(Entries shown):
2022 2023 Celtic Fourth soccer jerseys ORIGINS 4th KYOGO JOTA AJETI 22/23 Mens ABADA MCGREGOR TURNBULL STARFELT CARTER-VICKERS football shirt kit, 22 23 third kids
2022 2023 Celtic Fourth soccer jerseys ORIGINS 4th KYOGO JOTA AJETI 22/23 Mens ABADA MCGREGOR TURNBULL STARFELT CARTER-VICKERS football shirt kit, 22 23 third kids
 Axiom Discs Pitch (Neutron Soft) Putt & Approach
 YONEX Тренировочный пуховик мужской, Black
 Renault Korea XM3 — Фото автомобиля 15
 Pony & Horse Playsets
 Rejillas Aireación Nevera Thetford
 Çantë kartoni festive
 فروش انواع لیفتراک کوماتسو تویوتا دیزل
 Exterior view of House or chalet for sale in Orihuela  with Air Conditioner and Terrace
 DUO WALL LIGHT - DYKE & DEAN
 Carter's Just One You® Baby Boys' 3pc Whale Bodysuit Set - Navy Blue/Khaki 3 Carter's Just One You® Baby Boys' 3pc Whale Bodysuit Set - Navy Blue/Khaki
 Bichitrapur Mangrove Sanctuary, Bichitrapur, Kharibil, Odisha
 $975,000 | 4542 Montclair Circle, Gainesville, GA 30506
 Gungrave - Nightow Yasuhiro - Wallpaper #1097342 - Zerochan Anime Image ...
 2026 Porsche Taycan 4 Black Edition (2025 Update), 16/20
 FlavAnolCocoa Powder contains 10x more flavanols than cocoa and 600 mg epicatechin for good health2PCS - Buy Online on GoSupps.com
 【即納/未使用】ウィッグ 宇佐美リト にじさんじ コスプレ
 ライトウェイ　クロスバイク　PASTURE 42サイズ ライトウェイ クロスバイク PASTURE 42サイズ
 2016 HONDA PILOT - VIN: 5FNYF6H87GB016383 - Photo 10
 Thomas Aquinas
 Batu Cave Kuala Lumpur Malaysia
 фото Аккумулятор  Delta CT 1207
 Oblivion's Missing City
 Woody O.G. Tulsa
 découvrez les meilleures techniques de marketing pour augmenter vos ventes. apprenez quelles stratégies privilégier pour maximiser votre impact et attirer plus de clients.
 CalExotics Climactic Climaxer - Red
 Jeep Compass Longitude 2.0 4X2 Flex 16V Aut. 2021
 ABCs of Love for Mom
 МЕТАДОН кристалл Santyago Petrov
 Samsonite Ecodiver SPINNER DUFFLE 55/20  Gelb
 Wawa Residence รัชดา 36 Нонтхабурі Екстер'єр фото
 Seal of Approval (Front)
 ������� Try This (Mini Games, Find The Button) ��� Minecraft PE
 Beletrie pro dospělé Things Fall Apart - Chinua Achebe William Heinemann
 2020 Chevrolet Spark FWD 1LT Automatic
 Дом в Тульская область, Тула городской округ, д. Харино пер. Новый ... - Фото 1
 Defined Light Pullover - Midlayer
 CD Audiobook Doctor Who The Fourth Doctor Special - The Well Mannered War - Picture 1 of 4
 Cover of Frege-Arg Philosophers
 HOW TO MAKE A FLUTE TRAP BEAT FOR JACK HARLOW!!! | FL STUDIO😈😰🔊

(Problem requirements): Extract the complete listing above, reproducing each line exactly.

(Answer to this task):
2022 2023 Celtic Fourth soccer jerseys ORIGINS 4th KYOGO JOTA AJETI 22/23 Mens ABADA MCGREGOR TURNBULL STARFELT CARTER-VICKERS football shirt kit, 22 23 third kids
2022 2023 Celtic Fourth soccer jerseys ORIGINS 4th KYOGO JOTA AJETI 22/23 Mens ABADA MCGREGOR TURNBULL STARFELT CARTER-VICKERS football shirt kit, 22 23 third kids
 Axiom Discs Pitch (Neutron Soft) Putt & Approach
 YONEX Тренировочный пуховик мужской, Black
 Renault Korea XM3 — Фото автомобиля 15
 Pony & Horse Playsets
 Rejillas Aireación Nevera Thetford
 Çantë kartoni festive
 فروش انواع لیفتراک کوماتسو تویوتا دیزل
 Exterior view of House or chalet for sale in Orihuela  with Air Conditioner and Terrace
 DUO WALL LIGHT - DYKE & DEAN
 Carter's Just One You® Baby Boys' 3pc Whale Bodysuit Set - Navy Blue/Khaki 3 Carter's Just One You® Baby Boys' 3pc Whale Bodysuit Set - Navy Blue/Khaki
 Bichitrapur Mangrove Sanctuary, Bichitrapur, Kharibil, Odisha
 $975,000 | 4542 Montclair Circle, Gainesville, GA 30506
 Gungrave - Nightow Yasuhiro - Wallpaper #1097342 - Zerochan Anime Image ...
 2026 Porsche Taycan 4 Black Edition (2025 Update), 16/20
 FlavAnolCocoa Powder contains 10x more flavanols than cocoa and 600 mg epicatechin for good health2PCS - Buy Online on GoSupps.com
 【即納/未使用】ウィッグ 宇佐美リト にじさんじ コスプレ
 ライトウェイ　クロスバイク　PASTURE 42サイズ ライトウェイ クロスバイク PASTURE 42サイズ
 2016 HONDA PILOT - VIN: 5FNYF6H87GB016383 - Photo 10
 Thomas Aquinas
 Batu Cave Kuala Lumpur Malaysia
 фото Аккумулятор  Delta CT 1207
 Oblivion's Missing City
 Woody O.G. Tulsa
 découvrez les meilleures techniques de marketing pour augmenter vos ventes. apprenez quelles stratégies privilégier pour maximiser votre impact et attirer plus de clients.
 CalExotics Climactic Climaxer - Red
 Jeep Compass Longitude 2.0 4X2 Flex 16V Aut. 2021
 ABCs of Love for Mom
 МЕТАДОН кристалл Santyago Petrov
 Samsonite Ecodiver SPINNER DUFFLE 55/20  Gelb
 Wawa Residence รัชดา 36 Нонтхабурі Екстер'єр фото
 Seal of Approval (Front)
 ������� Try This (Mini Games, Find The Button) ��� Minecraft PE
 Beletrie pro dospělé Things Fall Apart - Chinua Achebe William Heinemann
 2020 Chevrolet Spark FWD 1LT Automatic
 Дом в Тульская область, Тула городской округ, д. Харино пер. Новый ... - Фото 1
 Defined Light Pullover - Midlayer
 CD Audiobook Doctor Who The Fourth Doctor Special - The Well Mannered War - Picture 1 of 4
 Cover of Frege-Arg Philosophers
 HOW TO MAKE A FLUTE TRAP BEAT FOR JACK HARLOW!!! | FL STUDIO😈😰🔊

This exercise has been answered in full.